April 1, 2014 One Love

When we dissolve the illusions of separation from one another, we get to the heart of the matter:  We’re all really one, the human collective of life.  Recognize that the other person is you, and you are them.

I haven’t always readily understood the meaning of this core Kundalini yoga teaching, but more and more I see the extraordinary wisdom in seemingly ordinary encounters.

During a flight to Chicago, I sat next to a 19-year-old young lady who barely spoke English.  I struck up a conversation with my limited Spanish skills, enough to understand the gist of her incredible plight.

This courageous girl had walked to Austin from El Salvador in search of a better life.  At first I thought my years of Spanish study were rustier than I’d anticipated; however, she confirmed my understanding when I flipped to a map in the airline magazine, and she traced her finger along the path she’d walked.

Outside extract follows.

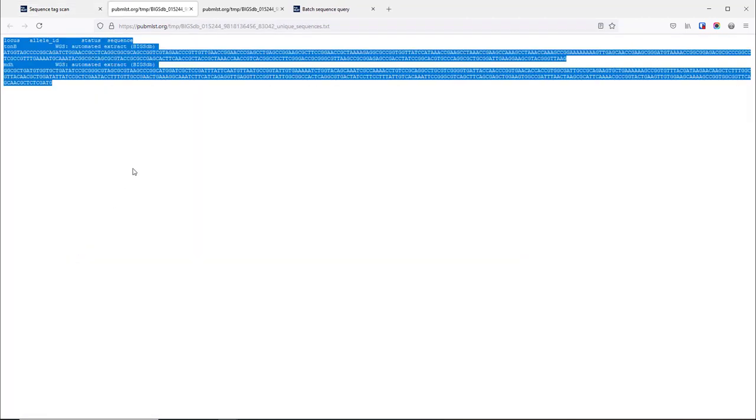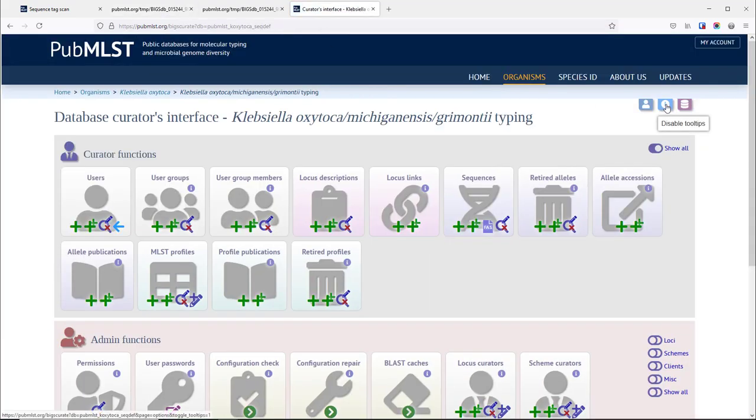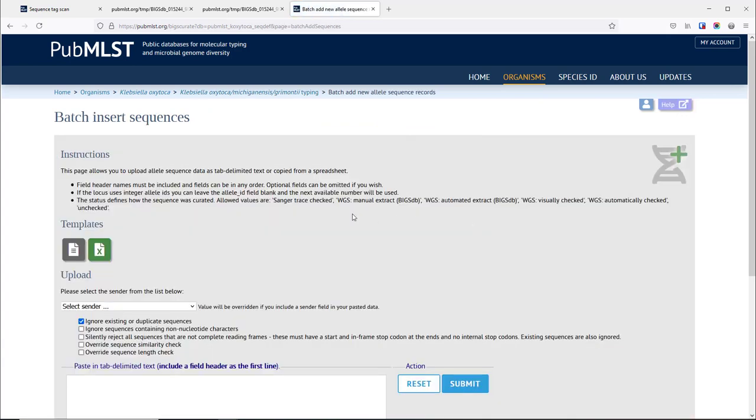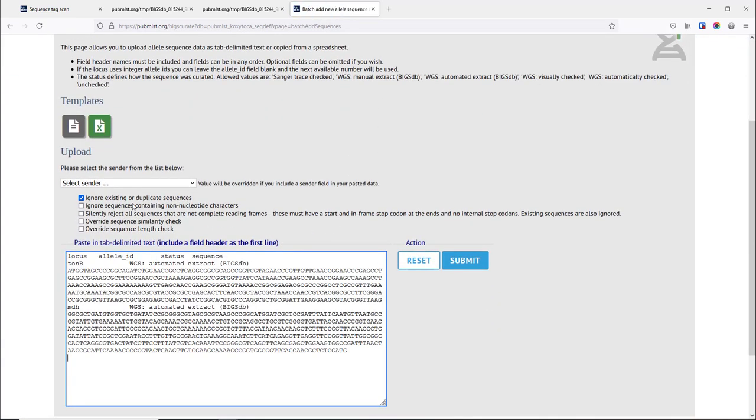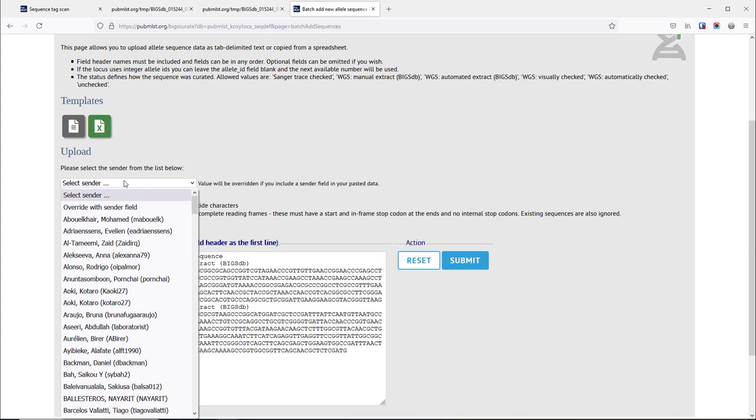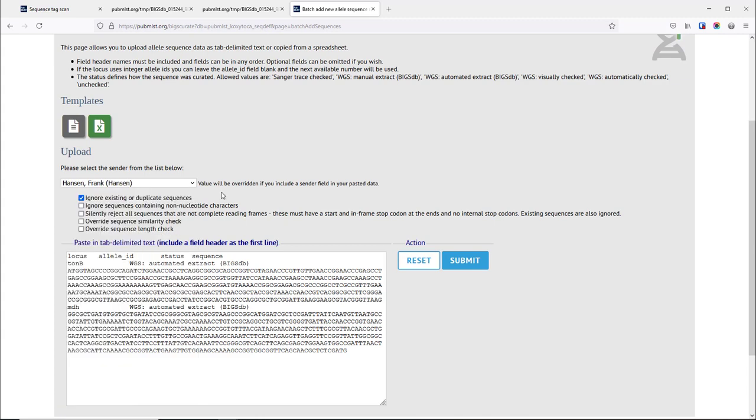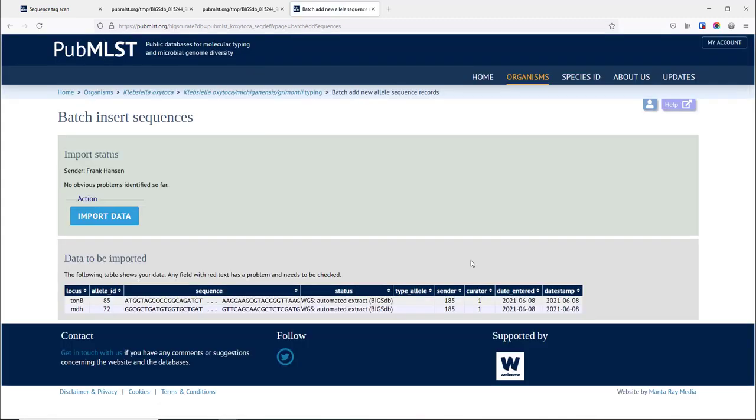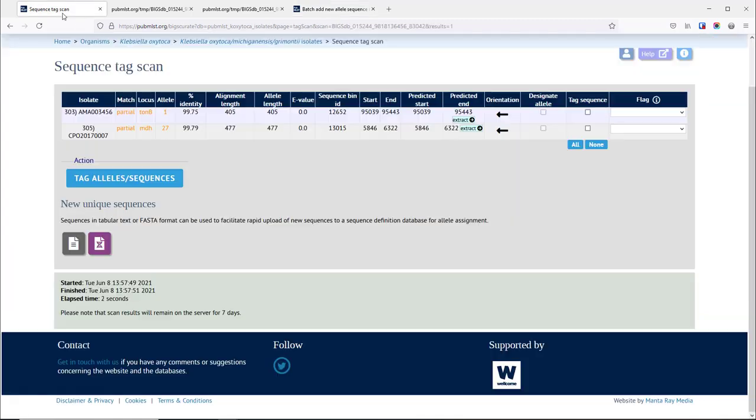Finally we can use a tab delimited text file that's produced and go to the typing database and add those sequences in a batch mode just by copying and pasting that output file. We select the sender, click submit, these get checked, and finally you can upload these into the database for assignment.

She’d set out on foot weeks earlier, full of hope to reach the United States.  She’d made it all the way to Texas, her journey eventually interrupted by a broken wrist and jail time after being discovered by immigration authorities.  She showed me papers authorizing her to travel to New York City, where cousins were to take her in and report to an immigration hearing.

The El Salvadoran’s story bore a striking resemblance to another young lady I’d met while flying home from Germany.  This girl, in her early 20s, had just flown to Frankfurt from her home in the Ukraine, en route to Dodgeville, Wisconsin, to work on a farm for a year.  That day was her first time ever on an airplane.  She, too, had voluntarily left the only home she’d ever known for the hope of more and better.

Each of these young women were no different than me only a day earlier, when I’d been the one navigating my way through Deutschland neither speaking nor reading German.  They just as well could have been my mother or father, who, in different space and time, had made their separate ways to this country, only by weeks by boat rather than hours on a plane.

A recent week in Costa Rica with sixteen soul sisters reaffirmed to me that we are far more alike than we are different.

My friends and I frolicked in the sun and sand, adventured in the jungle, laughed, cried and shared our deepest desires and fears.  Although we vary in age, walks of life and where our individual journeys are taking us, there was an undeniable blending into one.

Any of one of us may have been or could be the other at some point in time:  Excited about a new business launch, unsure whether to revive a stalling relationship, trying to escape the shadowy demons of self-image and self-doubt.

When we strip away the trappings of our lives, we truly are all one, similarly filled with hopes and dreams, vulnerability and fears.

Through this recognition, we can unlock the door to live with less judgment and attachment, an opportunity to elevate our coexistence to a higher level of mutual compassion and acceptance.

One love.  I’m all in.  How about you?